I have a best friend, I've known him since I was 4 years old. Yeah, we're real close. We might not be always sharing secrets or hanging out forever like other besties but we always know we can trust each other, I know he will stand up for me in the most difficult situations, I know I would too. We're not like others, always sticking together like glue. I give him space, he gives me time but our bond is strong. He knows me inside out, he knows my favorite songs and I tell him about my dreams. He knows what I'm thinking, I know what's he doing even if we're a mile apart.

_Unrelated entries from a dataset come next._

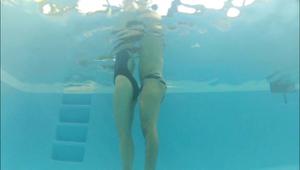 Зрелая китаянка перепихнулась в бассейне с тренером по плаванию - фото #1
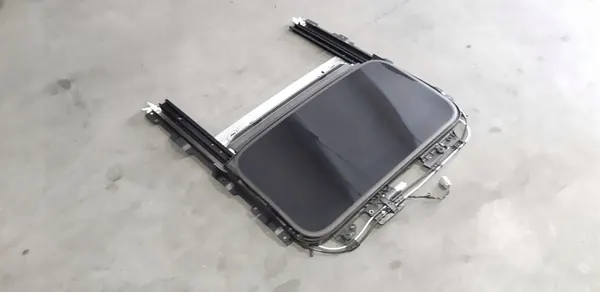 Techo Solar Volvo S90 OEM 39834278 - Usado image 3
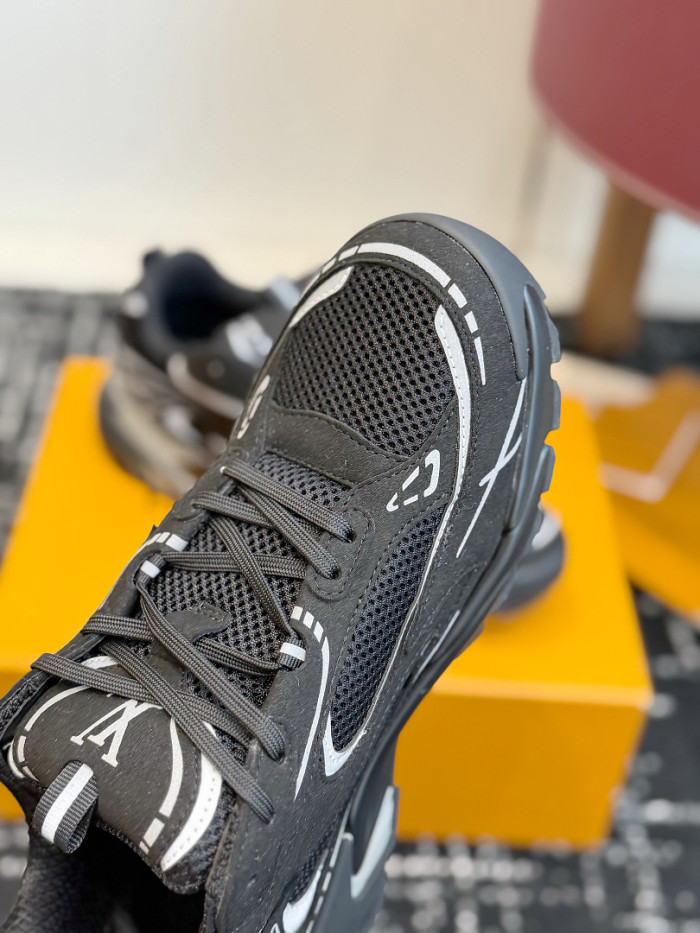 LV sneakers L0000854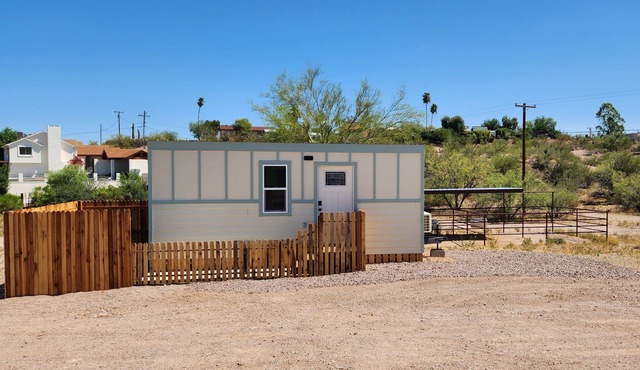 Cozy Tiny home in the heart of ropers paradise.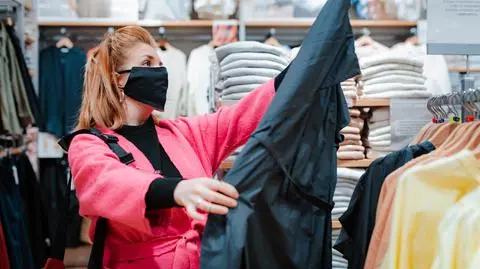 Sprzedaż detaliczna mocno w górę. "Dobiła do trendu sprzed pandemii"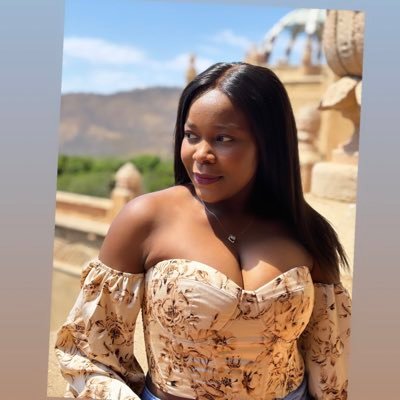 Emels_B's profile picture. 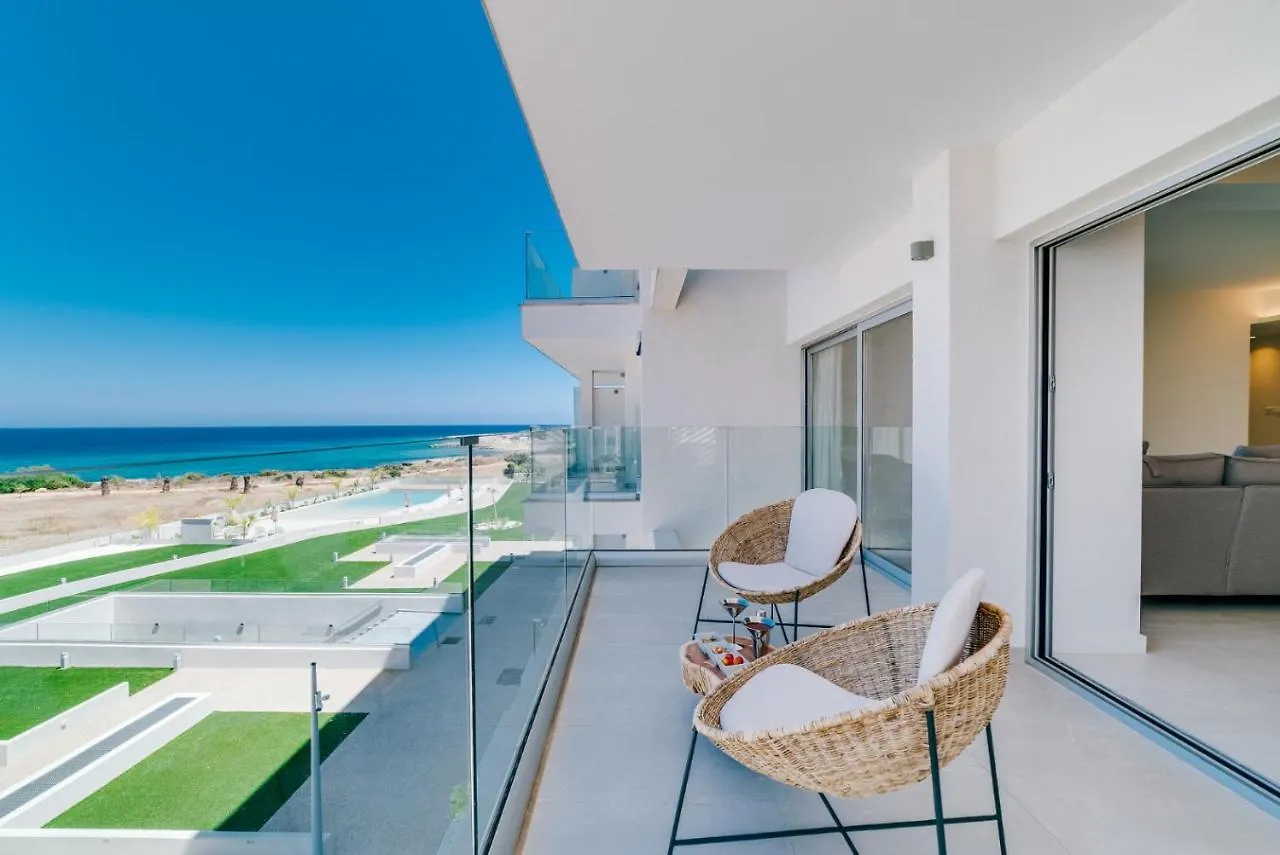Emerald Suites Luxury Apartments Протарас 0*,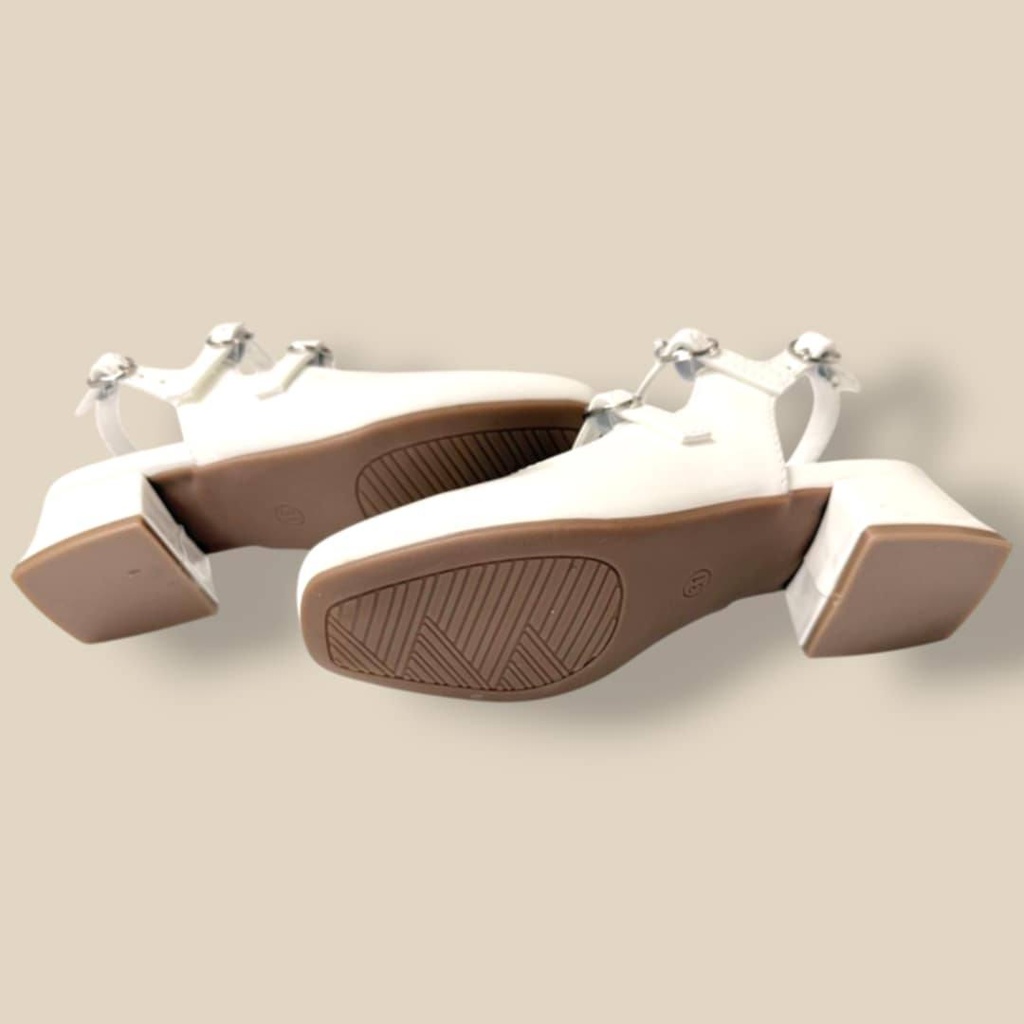 كندرة بناتي كعب بثلاث ألوان مميزة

We're actually really similar. We think the same, we like the same books and movies. Even our grades are almost exactly the same! And our bodies, are, well, weaker. I have asthma, although I haven't had a attack for a long time. I have serious rashes sometimes and feel dizzy for no reason. He watches out for me and I watch out for him too. He has asthma as well and high blood pressure. He hardly has attacks but he faints sometimes. I have to make sure he's okay before the school nurse takes over, seriously! He can collapse any moment, in class, at choir practice, in PE, anytime, anywhere. I don't think it's a burden for me to take care of him, even when he's older than me and he's a boy. In fact, I'm pretty happy to.
He's really nice to me. Lending his jacket to me in the cold and giving me water when my bottle goes empty. How sweet. I love my best friend but I'm not gonna fall in love with him, even if I wanted to. Thank you best friend, you're the best.